I just picked up the laser disc of The Lady From Shanghai, and while
watching it I was reminded of an aspect of this film that's always
puzzled me.  Much emphasis is placed on the general issue of
nationality and ethnicity.  Welles makes a point of letting the
audience know that the (caucasian) female lead (Rita Hayworth) was
born in Shanghai, that she speaks Chinese, and that she has some
familiarity with Chinese culture (the Chinese theater scene).  Yet the
significance of her "Chinese-ness" is not at all apparent.  Aside from
a passing reference to Shanghai being a sinful city, the character
could just as easily have been Turkish or Brazilian or, for that
matter, Anglo-Saxon, and no thematic damage would have been done to
the film.  Likewise the male lead (played by Welles) is quite
pointedly marked as being Irish -- he does the voice-over in a rather
heavy-handed brogue, and the character's nickname is "Black Irish".
But, again, despite the strong emphasis on the character's ethnicity,
no thematic conclusions seem to flow from this.  Other, minor
characters also brandish their nationality or ethnicity (Jewish,
Mexican) but still for no apparent reason.  In short, the film is full
of references to ethnicity and nationality, and yet it could have been
made without these references and nothing would have been lost.

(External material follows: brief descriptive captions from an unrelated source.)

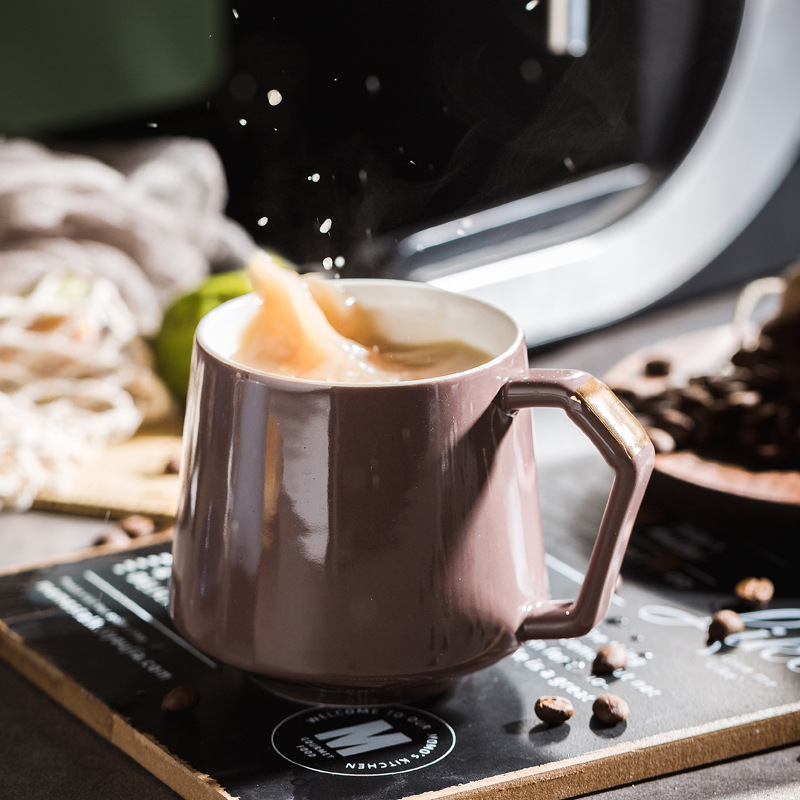 Taza de oro, taza de cerámica, taza de café, taza de agua, con tapa sin agujeros a prueba de polvo, cuchara, posavasos, LOGOTIPO tallado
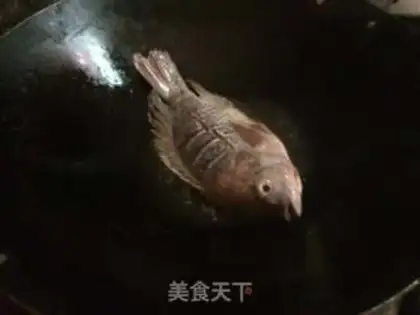 Make A red-burned tilapia step 2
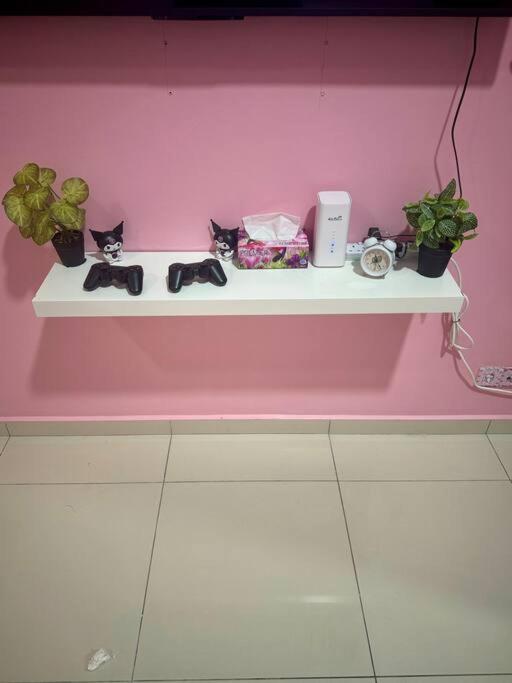 Hello Kitty Homestay - Cameron Highlands - Spacious Studio - Perfect For Families - Sleeps 4 And Baby Tanah Rata Bagian luar foto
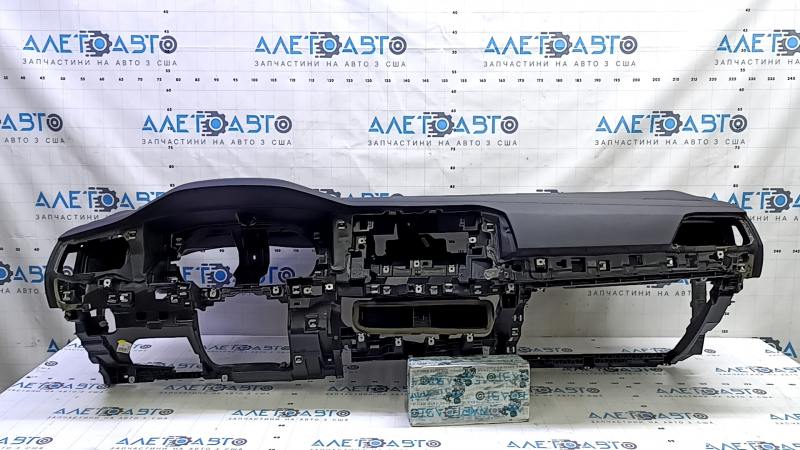 Торпедо передняя панель с AIRBAG VW Jetta 19-26 черная, сломано крепление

Or have I missed something significant in this movie?  I know of some
Hollywood films that use foreign-ness as an important marker of
character, but this particular movie doesn't really follow that
paradigm.  There are no clear moral or thematic lines separating the
familiar from the foreign.  Instead, The Lady From Shanghai follows
the more ordinary schema of film noir: weak, somewhat feminized men
victimized by a strong, phallic woman, where the men are distinguished
primarily by their innocence or lack thereof.

Possibly some insights into this would come from comparing The Lady
From Shanghai to other films by Welles.  His film The Stranger is an
example of the familiar vs foreign.  In this case, the nationality of
the Welles character is crucial to his identity -- he is a stranger,
and thus evil.  And certainly nationality is important in Touch of
Evil, though in this case Welles casts himself as the jingoistic
American rather than as the foreigner.

It would seem clear that ethnicity, and the general question of
familiar vs foreign, is important to Welles.  And yet I'm afraid I
still don't see how it functions in The Lady From Shanghai, or in fact
why it comes up in that movie at all.